Chapter XXV.
OF THE MANNER OF THE CITY AND HOW YWAIN FELL ADROWSING THEREIN.

AH, said Ywain, what is this city and by whom builded? For it is certain that I came never here until now, and yet there is not one tower of it that I know not of old time. And Bartholomy answered him not, but out of the dusk a voice came and answered him, saying: Good truth and good reason, for this city was builded from the beginning, and all men are by nature free thereof; so that come they what day they will they come not as strangers but inheritors. Then Ywain saw a man before him standing, habited after the fashion of the religious: and he saw him gladly, for he took comfort in the words that he had spoken. And Bartholomy was comforted also, for he had been in doubt how they should come that night into the city, seeing that by likelihood the gates would be shut and guarded. And he took the man by the hand and entreated him that he would make good his saying: and he told him how they were of Paladore, come hither by reason of weariness, and how they were by name Ywain and Bartholomy. And he answered them, Yea, but they should have new names for a new life; for he also had in the world a name worldly, but was now become Vincentius, and prayed daily against remembrance of things past.
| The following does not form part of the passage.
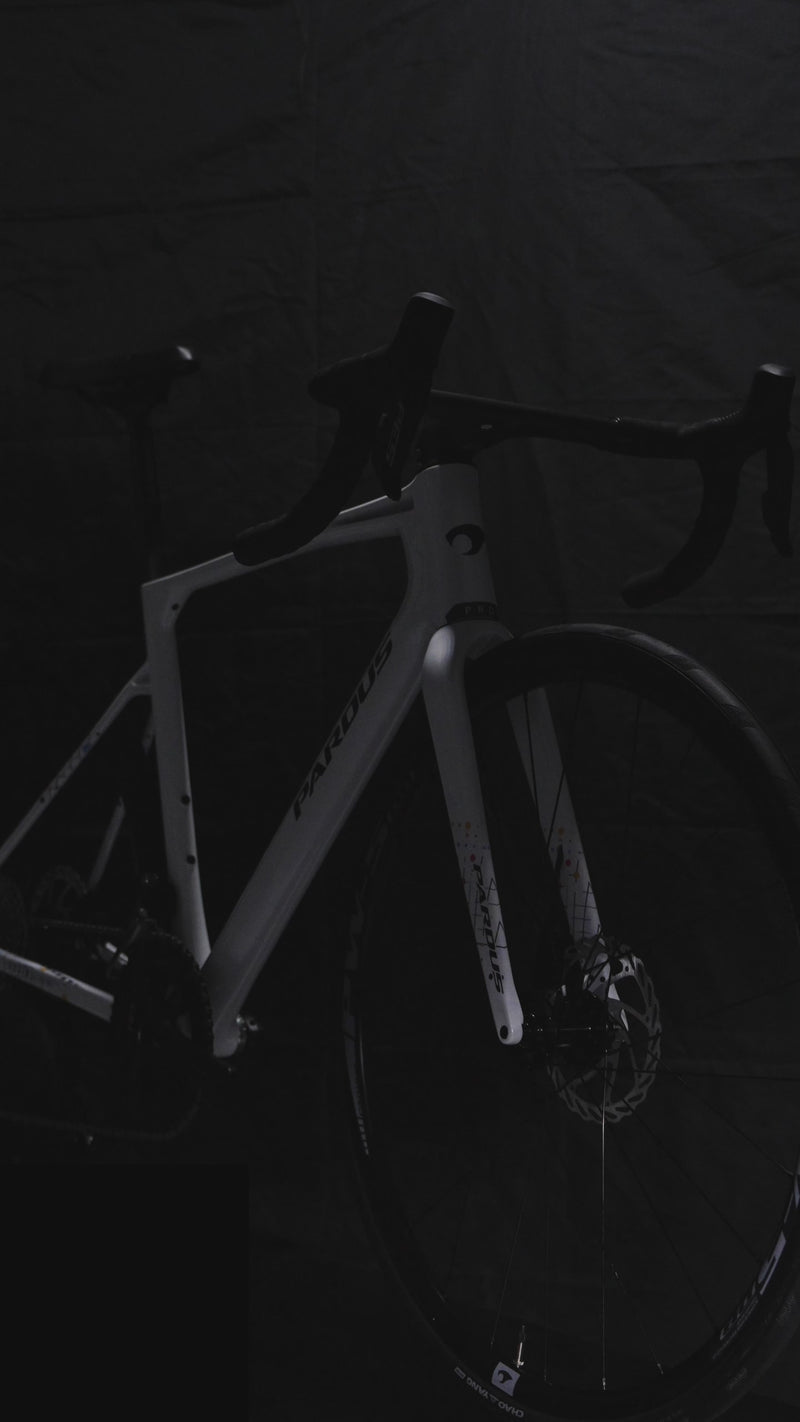 Load and play video in Gallery viewer, Pardus Robin Sport 2025 Carbon Road Bike PES E-Shifter Carbon Wheel
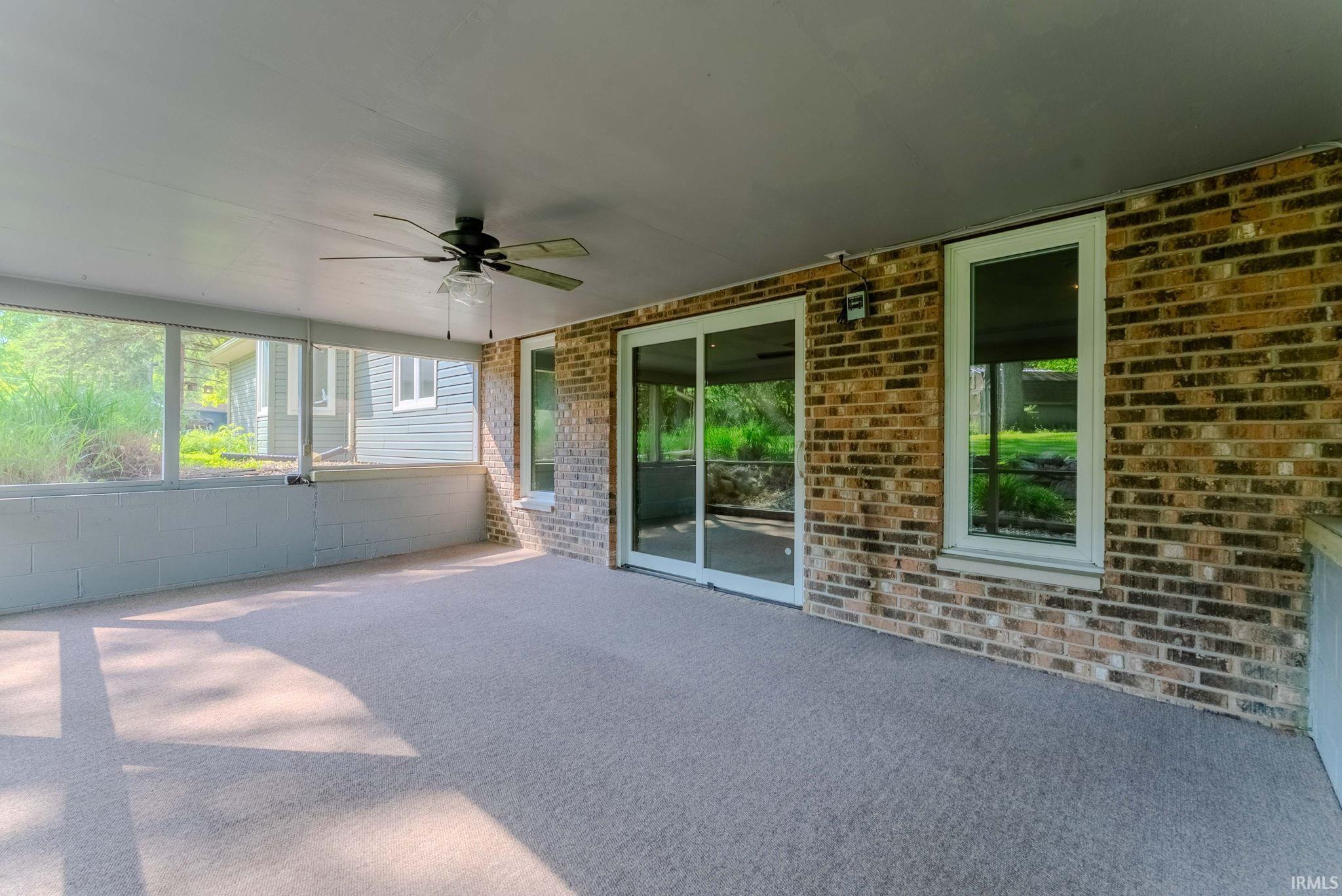 2340 E Kemo Avenue Warsaw IN 46582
Then Bartholomy said Ay: and Ywain spoke no word, but his lips trembled. And Vincent looked upon their two faces, and he perceived the diversity of them, for he read them as the pages of a book. And he said to Bartholomy: What look you to find here? And he answered Peace: and Vincent said to him, It is well. Then he asked of Ywain also the same question: and Ywain said openly: I am a lover and a seeker, and I look only to love and to seek. And Vincent answered him: It is well with you also, since you are come hither: for you shall love that which you desire not, and seek that which you have never seen.

Then he led them down toward the city: and as they went they were astonished that he should so have met with them in the nick of need. But Vincent said that it was no marvel: for that every day at the time of twilight it was his custom to come forth out of the city and walk abroad, to the intent that he might lead in any that were forwandered. So they came to the gate and passed in with him, and he brought them through the city to a house where they should be lodged, and they supped there within the hour.

And while they sat at supper they spoke of all that had fortuned to them: and Vincent heard them and answered them comfortably, as a Doctor will answer them which are diseased. But of that which he said Ywain heard not the half, by reason of the bells which continued sounding above the city: for the sound of them wrapt him about as it were with softness and with sleep. And his weariness became pleasant to him and his thought a dream: and he desired nothing else but to hear those bells continually both by night and by day.

And so it fortuned to him and to Bartholomy: for this was the manner of the city whereto they were come, and when it was showed to them they received it to their joy and solace. Then might you have seen them rising lively from their beds, and going forth under morning mist to keep the daily ordinance: for though the city was thronged with all manner of folk yet there was but one and the same rule for all. And they rang bells at the point of day, and again when they had broken fast: and they rang before noon and after, and at evening and at midnight, so that they went never an hour without ringing of bells in some part of that city. And they took all their delight therein, and when they met together, as at board or bench or whatsoever doing, then they would have their converse of bells and of the comfort they took thereby. For they supposed that the properties of bells were many and diverse: and they heard one bell for courage and another for meditation, and one for ruth and another for gladness. And the deepest they heard for fellowship, seeing that the sound of it was very great and came into every house both near and far. And in sum, the life of those which dwelt in that city was all to ring bells and to hear them, and to do no other thing: and therefrom was their sustenance and their repute.

So Ywain went daily aringing with the rest: and he lived as it were by sound alone and thought to have found peace. For his sorrow was rocked continually as a child is rocked in a cradle, and his soul was stilled as with a lullaby.